The issue is not the quantum of the fine, but what it represents—a failure in due diligence, particularly when end use is fuzzy and some end users are absconding. And SBI is the country’s largest bank, with over Rs 27 lakh crore of deposits. The fog over regulatory action is inexplicable. Whether the dereliction of diligence represents material risk or not is not up for debate—not in a systemic landscape with over Rs 10 lakh crore of bad loans.

The need for due disclosure is best illustrated by the IL&FS saga. The RBI, in its annual inspection report 2014-15, observed that the IL&FS balance sheet was overleveraged. IL&FS did not agree the RBI did not pursue or disclose. Mutual fund investors, depositors in NBFCs, bond purchasers and bank depositors were rendered vulnerable. Meanwhile, IL&FS ratings continued to be top notch till it defaulted. In 2019, IL&FS owes entities an estimated Rs 91,000 crore.

Earlier this month, the shares of listed entities of two corporate houses, the Essel-Zee Group and Reliance ADA Group, tanked by around 30 per cent during trading. Subhash Chandra claimed, in a letter to stakeholders, that “negative forces” were sabotaging the prospects of the group. RDAG accused finance companies of “illegal” and “motivated” actions. The sales, sellers claimed, were triggered by enforcing of conditions of lending. Similarly, housing finance companies have alleged coercive corporate action that led to dumping of shares and bonds.

The questions of legality await enquiries, and the Securities and Exchange Board of India is yet to weigh in. The episodes, however, throw up questions on regulations. Redemption dates and details of bonds and commercial papers are largely known. However, factors influencing sell calls of pledged shares are not. The quantum of shares pledged by promoters is known. However, terms and conditions, the value and loan ratio details that trigger offloading of shares is not, and this makes room for gaming and windfall gains. The asymmetry of information triggers volatility and impacts not just promoters but also ordinary shareholders and unit holders in mutual funds.

Last month, the Life Insurance Corporation completed its acquisition of the beleaguered IDBI Bank.  The average acquisition price is not clear. What is known is that LIC made an open offer for 26 per cent of the shares at Rs 61.73 and completed the process on January 19. The shares of IDBI Bank closed at around Rs 43 on Friday - a dip of Rs 18 in less than a month. The book value of the Rs 10 share is Rs 27.91. LIC, often the liabilities insurance corporation of India, has been on the speed dial of successive governments bailing out failed disinvestments over a decade—first it bought shares of ailing public enterprises, and now it is bailing out dying enterprises with the knowledge and nod of IRDAI—even the inexplicable acquisition of a bank by an insurance company.    

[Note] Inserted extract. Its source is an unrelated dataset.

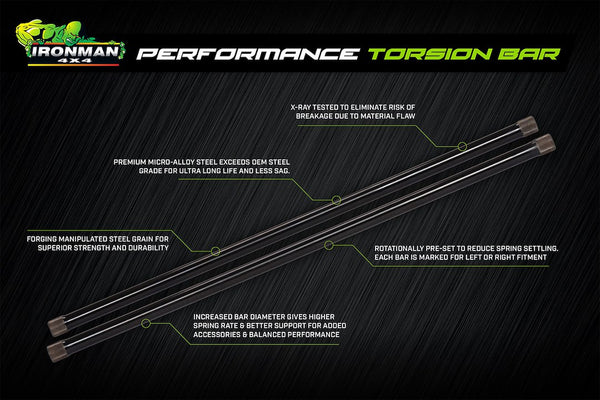Ironman Torsion Bars Set Of 2 (MPN: TOY026)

It has been contended that the fund flow of LIC and its investments are long-term and it has profited from previous investments. That is perhaps true, but equally true is that this was true of the Unit Trust of India too. The LIC is audited by 10 auditors who sign on the Annual Report with that mystical preface, “in our opinion and to the best of our information”, and certify that “The Corporation does not act as a trustee of any trust”. What about the trust of 29.62 lakh policy holders and their savings?

The question is, has there been a cost-benefit analysis of LIC’s investments—of which over Rs 80,000, is in public enterprises? If there has been one, would it not merit public disclosure by the IRDAI? And remember, LIC is one of the largest lenders to the government—in 2017- 18 it subscribed to bonds worth Rs 1.09 lakh crore and Rs 1.51 lakh crore issued by the Centre and states. Any delinquency in diligence could trigger economic and political consequences.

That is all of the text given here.